## WHAT YOU WILL DO
Copy each line below word for word and drop every image.

## RECORDED DATA
==*==

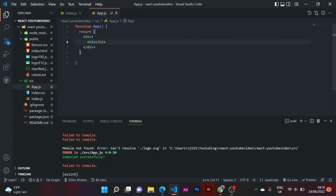React makes it possible for us to write HTML code in JavaScript — that's more of JSX. In the upcoming videos you'll need to understand what JSX is all about. It's basically JavaScript and XML. With time you'll get a good understanding of it.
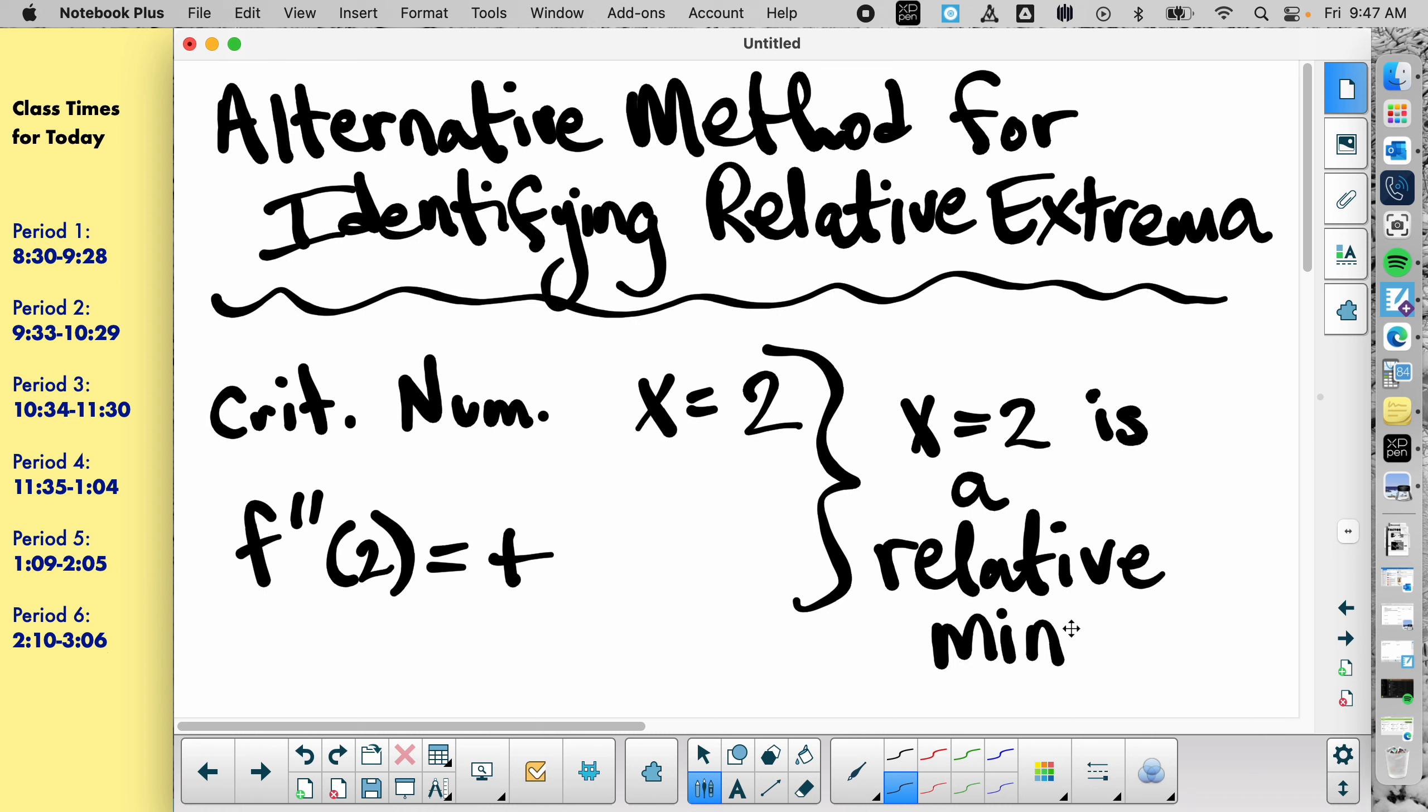Made it up? Oh, are you talking about the 2 and the f double prime of 2? Yeah, 100% made it up. I didn't have an equation, I was just giving you a hypothetical situation.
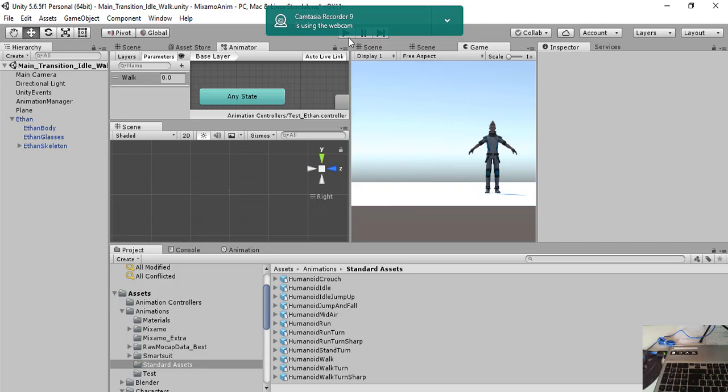So you can have a transition from idle state to running or from idle state to other states. For example, if you have a first-person shooter game, you can do a transition from idle to take the gun and shoot.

==*==

## WRITTEN SOLUTION
React makes it possible for us to write HTML code in JavaScript — that's more of JSX. In the upcoming videos you'll need to understand what JSX is all about. It's basically JavaScript and XML. With time you'll get a good understanding of it.
Made it up? Oh, are you talking about the 2 and the f double prime of 2? Yeah, 100% made it up. I didn't have an equation, I was just giving you a hypothetical situation.
So you can have a transition from idle state to running or from idle state to other states. For example, if you have a first-person shooter game, you can do a transition from idle to take the gun and shoot.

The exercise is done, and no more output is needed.